Kenya’s new rule on fuel in transit will not hurt Rwanda

Rwanda will continue to have seamless fuel supplies and the prices for the product are likely to remain stable despite a decision by Kenyan Revenue Authority to have imported refined fuel on transit to leave the country within country in 30 days.

Saturday, January 29, 2011
Fuel trucks in transit (File photo)

Rwanda will continue to have seamless fuel supplies and the prices for the product are likely to remain stable despite a decision by Kenyan Revenue Authority to have imported refined fuel on transit to leave the country within country in 30 days.

The order applies to fuel dealers transporting refined fuel to Uganda, DRC, Burundi and Rwanda. Kenya’s customs department says that dealers will be fined if refined fuel in transit fails to leave Kenya Pipeline Company facilities within 30 days, officials have said.  

Robert Opirah, Ag. Coordinator of Petroleum Special Unit in the Ministry of Trade and Industry, said that the charge will affect neither local pump prices nor dealers.

"Tanzanian authorities imposed the same charges but local fuel prices remained stable because we abided by the laws as we advised our dealers to transport their consignment in time,” Opirah said.

The official added that for exceptional cases, where dealers import heavy loads that cannot be transported in time, Rwanda Revenue Authority (RRA) intervenes and asks the correspondent country for extra days. 

Kenyan authorityies said the move aims at decongesting the pipeline system and to improve the use of Kipevu Oil Storage Facility in Mombasa.

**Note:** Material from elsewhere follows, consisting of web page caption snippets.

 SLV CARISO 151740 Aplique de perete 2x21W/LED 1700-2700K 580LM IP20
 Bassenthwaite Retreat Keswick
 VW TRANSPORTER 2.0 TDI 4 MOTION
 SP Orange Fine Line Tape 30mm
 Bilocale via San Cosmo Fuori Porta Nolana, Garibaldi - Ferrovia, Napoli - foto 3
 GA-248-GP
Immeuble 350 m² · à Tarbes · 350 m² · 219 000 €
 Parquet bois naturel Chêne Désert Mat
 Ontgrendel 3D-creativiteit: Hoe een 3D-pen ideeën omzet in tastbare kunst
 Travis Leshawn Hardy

Kenya is facing stiff competition from Dar-es-salaam in handling transit fuel.

Since 2005, the Kenyan government made it a must for marketers to execute a bond for imported transit petroleum products and ensure the consignment leaves Kenya in 45 days.

By the new law, the outstanding cargo is deemed to be unaccustomed and it is, therefore, subjected to legally provided measures including localisation, if the cargo’s allowed period expires before the entire product is moved.

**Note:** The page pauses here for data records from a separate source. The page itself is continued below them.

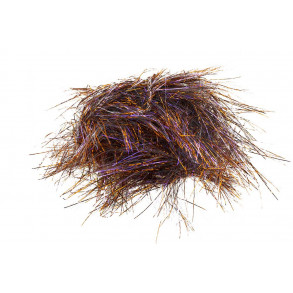 Uv Polar Chenille - UV Copper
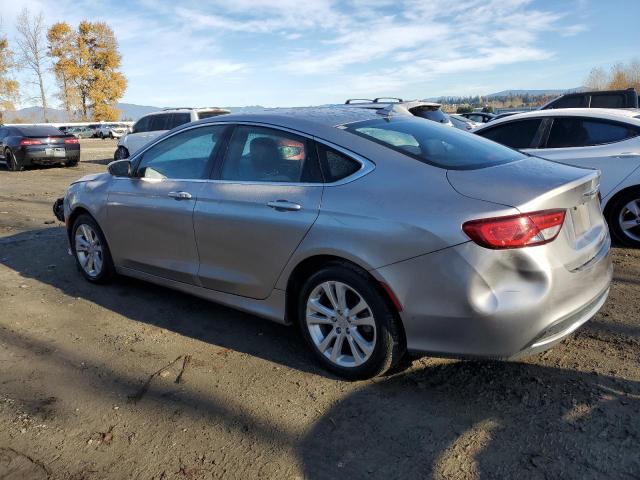 Photo 1 VIN: 1C3CCCAB5FN702918 - CHRYSLER 200 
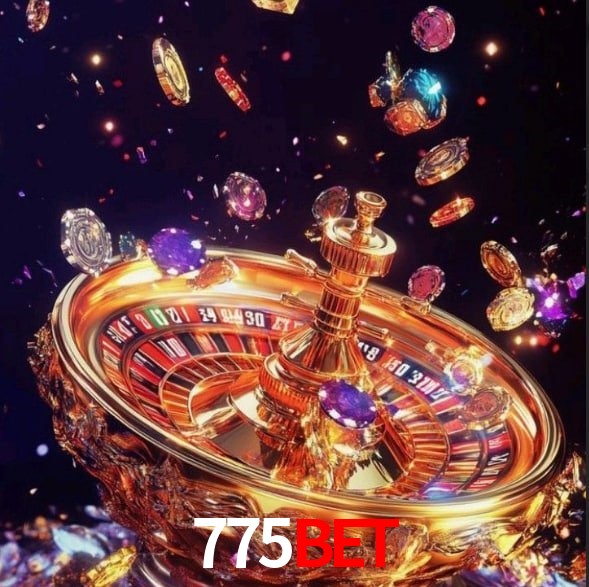 775BET - User Statistics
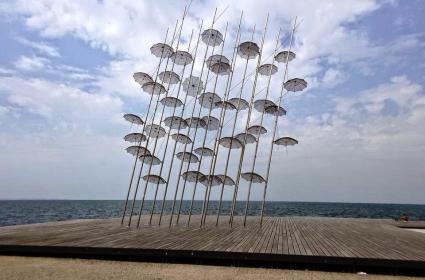 Komşudan Selamlar: Selanik Gezisi 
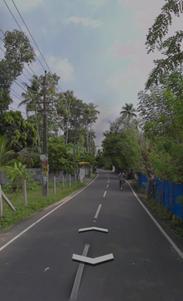 Image of 1350 Sq.ft Residential Plot / Land for sale in Aryad South, Alappuzha for Rs. 275000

Victor Uwimana, Chairman of the association of fuel dealers in Rwanda, welcomed the decision by KRA, saying that it will create enough space for dealers and reduce speculation on fuel prices.

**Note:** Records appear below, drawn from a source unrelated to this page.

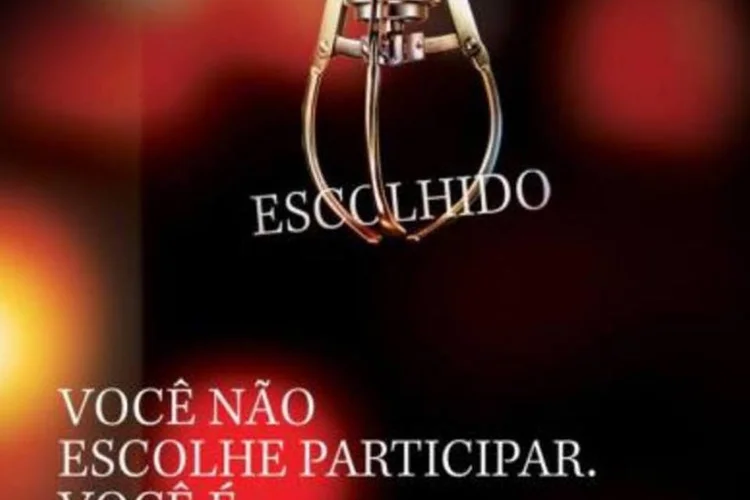 31ª temporada do Prêmio Caboré traz o conceito "Você não escolhe participar. Você é escolhido" (.)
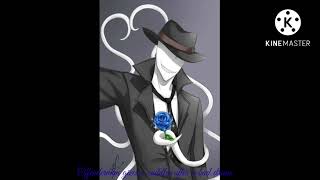 Offenderman gives you cuddles, kisses, and a "rose" (Comfort audio) (creepypasta)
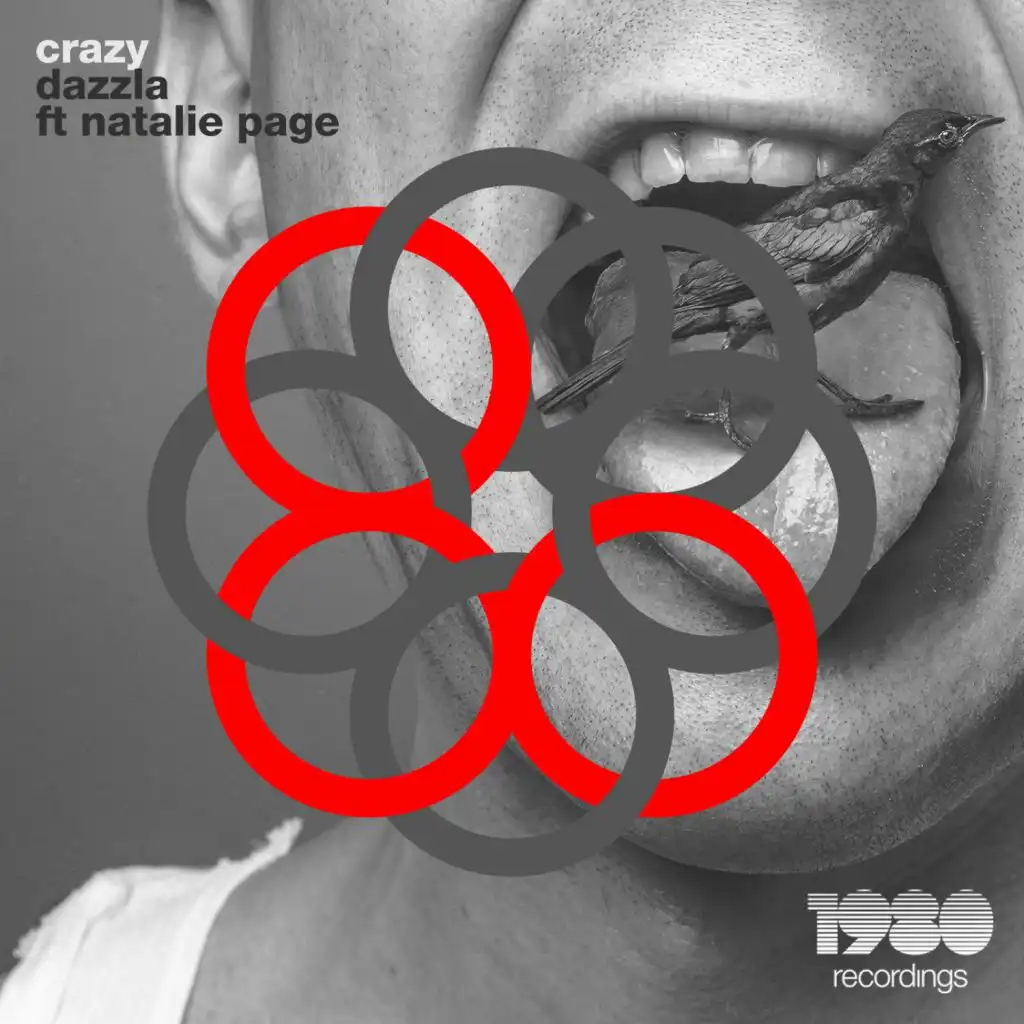 Crazy (Luis Meza Remix) [feat. Natalie Page]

Mombasa handles 20 percent of Rwanda’s fuel imports while 80 percent passes through Dar es Salaam.

Uwimana said that the Kenya pipeline has a huge demand, serving a lot of consumers along the way, which makes it difficult for Rwandan dealers to ship in enough supplies.

He added that they had requested RRA to negotiate for 45 days so that dealers can move their cargos.

"It takes two weeks for the trucks to travel to and from Kenya; this is a long journey, where sometimes even trucks breakdown. So the 45 days would be convenient for our business,” he added.